Um ano após a Organização Mundial da Saúde (OMS) decretar emergência de saúde pública de importância internacional por causa de um surto iniciado na República Democrática do Congo, a mpox já contabiliza quase 50 mil infecções confirmadas em 28 nações do continente africano.
O diretor-geral da OMS, Tedros Adhanom Ghebreyesus, informou que, apesar do grande número de casos, o total de óbitos e a taxa de mortalidade continuam baixos. Ele advertiu, contudo, que pessoas imunocomprometidas, especialmente aquelas com HIV não controlado, ainda correm risco elevado de desenvolver formas graves da doença.
Segundo Tedros, a declaração de emergência emitida em 2024 permitiu mobilizar recursos que fortaleceram a capacidade dos países de lidar com novos focos de mpox. Ele alertou, entretanto, que cortes significativos na ajuda internacional prejudicam o acesso a vacinas, testes diagnósticos e a aplicação plena de medidas de saúde pública.

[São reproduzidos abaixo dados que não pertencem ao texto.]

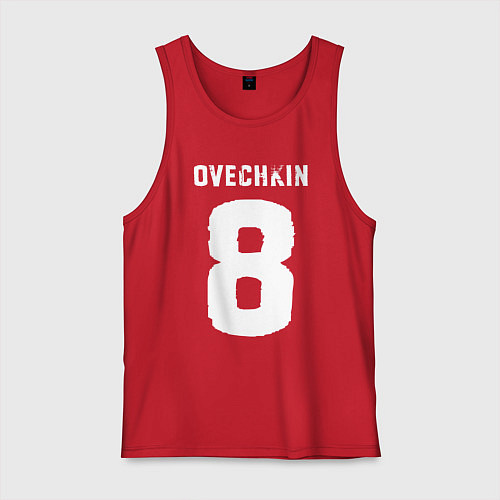 Мужская майка Овечкин 8 на английском / Красный – фото 1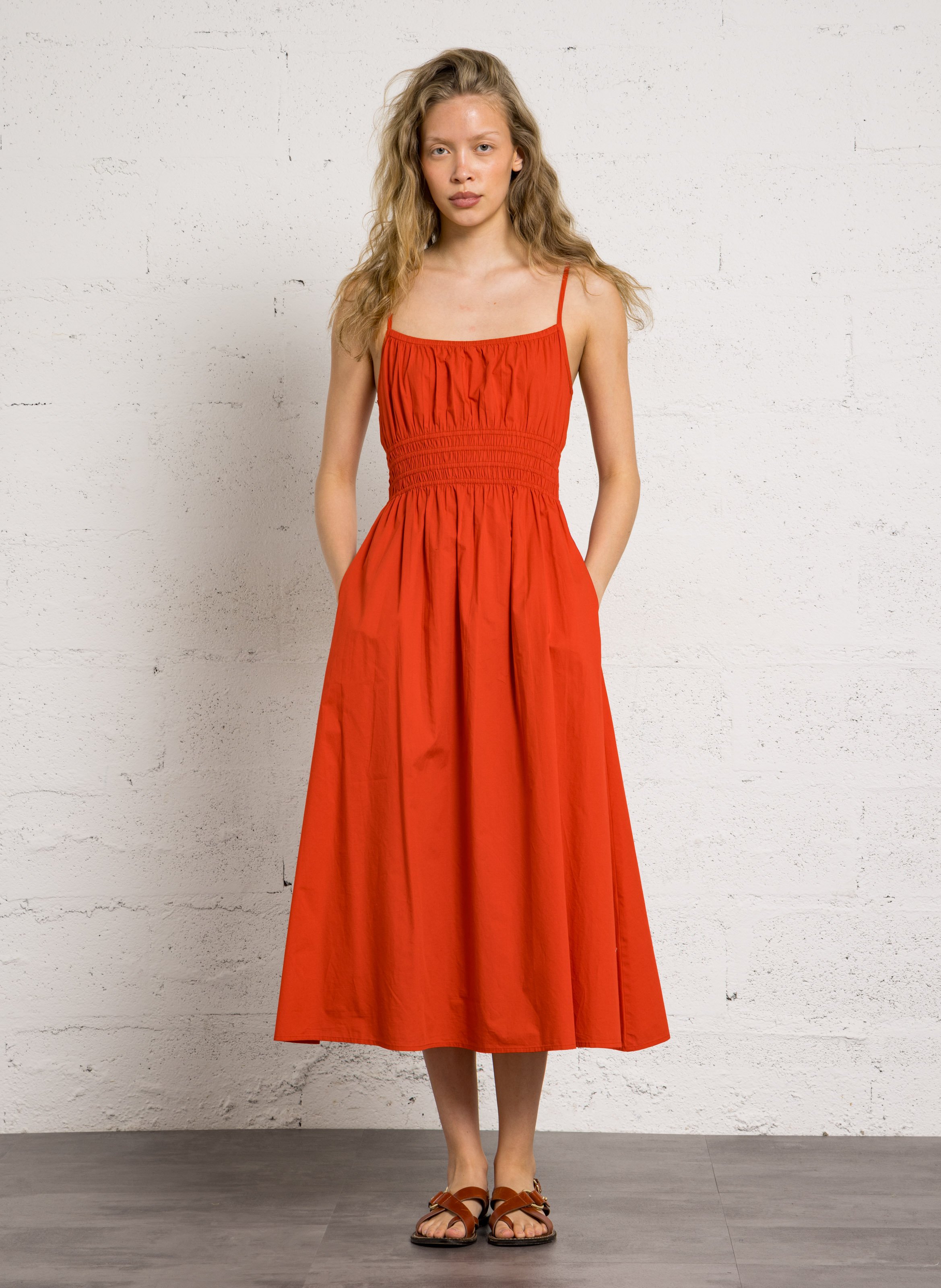 Halflange jurk van katoen PETITE MENDIGOTE Rood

O dirigente pediu que os governos mantenham a vigilância e priorizem a contenção de surtos, além de conclamar os doadores a preservar o apoio financeiro até que a situação esteja completamente sob controle.
Sobre a doença
A mpox é uma infecção viral de origem zoonótica. A transmissão para humanos ocorre pelo contato com animais silvestres infectados, pessoas doentes ou materiais contaminados. Os sintomas mais frequentes incluem erupções cutâneas ou lesões na pele, aumento dos gânglios linfáticos, febre, dores musculares, cefaleia, calafrios e fadiga.

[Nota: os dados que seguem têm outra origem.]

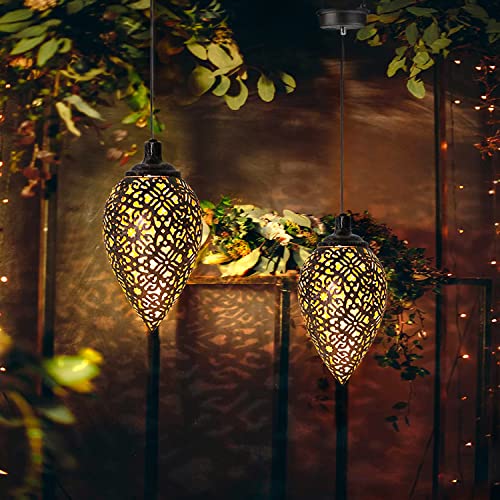 Waterproof Solar Garden Lanterns - 2 Pack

Imagem: agenciabrasil.ebc.com.br
As lesões podem ser planas ou levemente elevadas, conter líquido claro ou amarelado e formar crostas antes de cicatrizar. O número de lesões varia de poucos a milhares, concentrando-se geralmente no rosto, nas palmas das mãos e nas plantas dos pés, mas podendo surgir em qualquer parte do corpo, inclusive boca, olhos, órgãos genitais e região anal.